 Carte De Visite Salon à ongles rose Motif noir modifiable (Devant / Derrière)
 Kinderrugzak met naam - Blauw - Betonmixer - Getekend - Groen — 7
--------------------------------
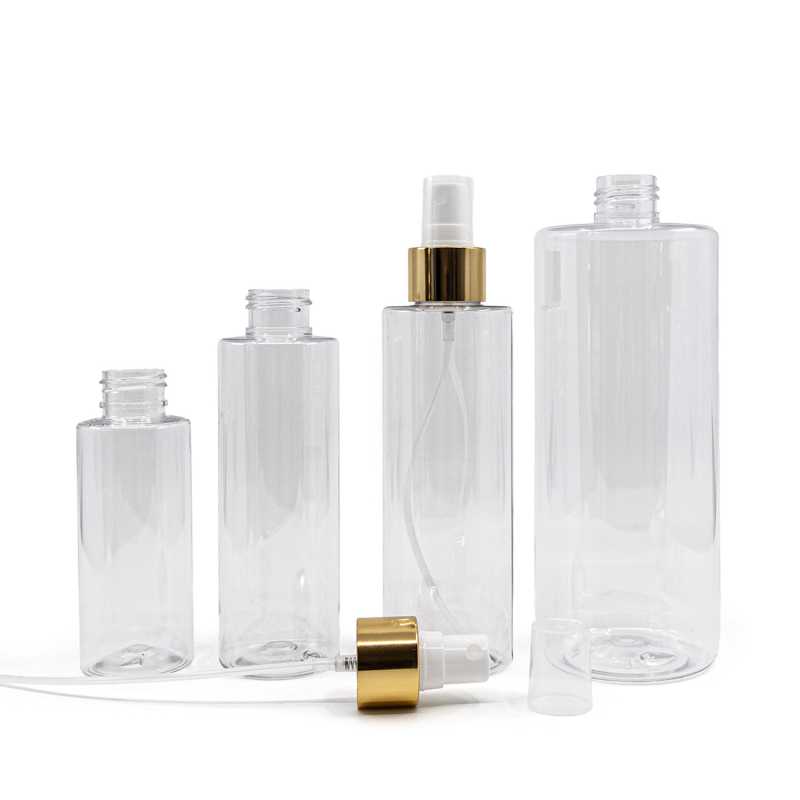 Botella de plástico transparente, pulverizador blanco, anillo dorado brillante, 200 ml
--------------------------------
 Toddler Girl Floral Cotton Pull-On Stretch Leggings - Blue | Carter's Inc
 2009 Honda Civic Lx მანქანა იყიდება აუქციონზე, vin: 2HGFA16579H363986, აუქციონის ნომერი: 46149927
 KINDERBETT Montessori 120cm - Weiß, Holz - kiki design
--------------------------------
- [Description of the task]: Within the listing above, locate the line containing "Toddler Girl Floral" and the line containing "KINDERBETT Montessori 120cm". Reproduce those two lines and all lines between them exactly, with nothing added.

- [Exercise output]:
 Toddler Girl Floral Cotton Pull-On Stretch Leggings - Blue | Carter's Inc
 2009 Honda Civic Lx მანქანა იყიდება აუქციონზე, vin: 2HGFA16579H363986, აუქციონის ნომერი: 46149927
 KINDERBETT Montessori 120cm - Weiß, Holz - kiki design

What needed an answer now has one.